● **WORK ITEM**
From the listing below, give again exactly the lines from the line with "Quiksilver Gutherie IV" to the line with "تصویر دریل پیچ", ends included, without any pictures.
INPUT DATA START
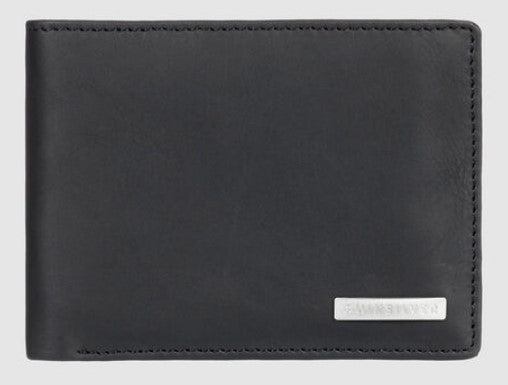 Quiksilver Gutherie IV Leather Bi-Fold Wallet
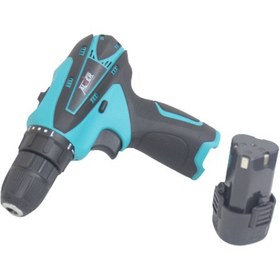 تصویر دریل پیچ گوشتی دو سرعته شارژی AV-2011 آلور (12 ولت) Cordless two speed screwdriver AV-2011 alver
INPUT DATA END
INPUT DATA START
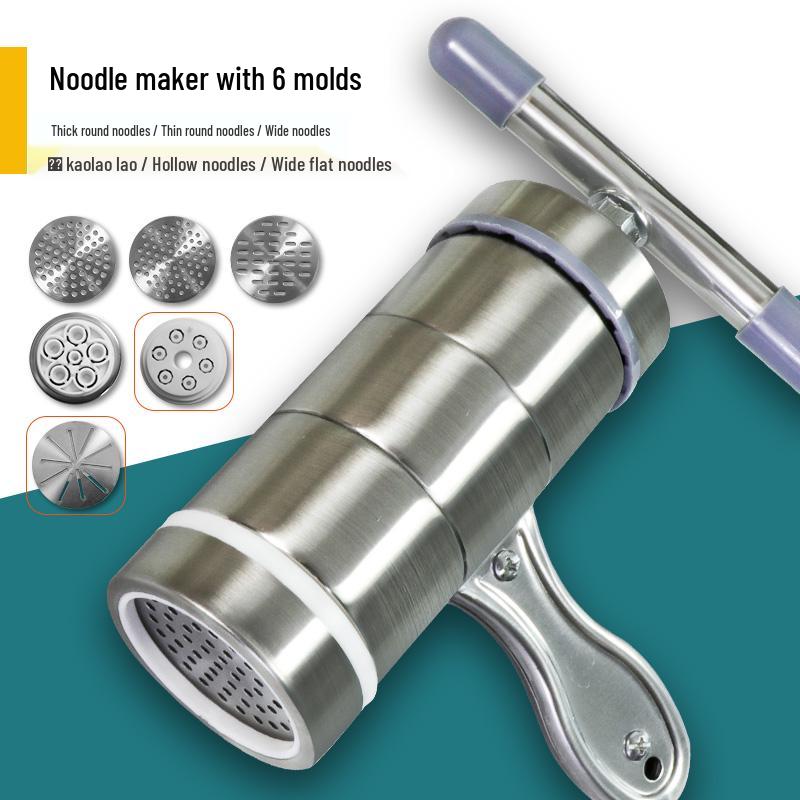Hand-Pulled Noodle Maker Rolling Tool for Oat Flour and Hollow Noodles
INPUT DATA END
INPUT DATA START
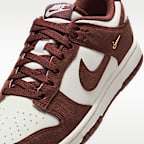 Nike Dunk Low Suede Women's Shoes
INPUT DATA END
● **SOLVED PROBLEM**
 Quiksilver Gutherie IV Leather Bi-Fold Wallet
 تصویر دریل پیچ گوشتی دو سرعته شارژی AV-2011 آلور (12 ولت) Cordless two speed screwdriver AV-2011 alver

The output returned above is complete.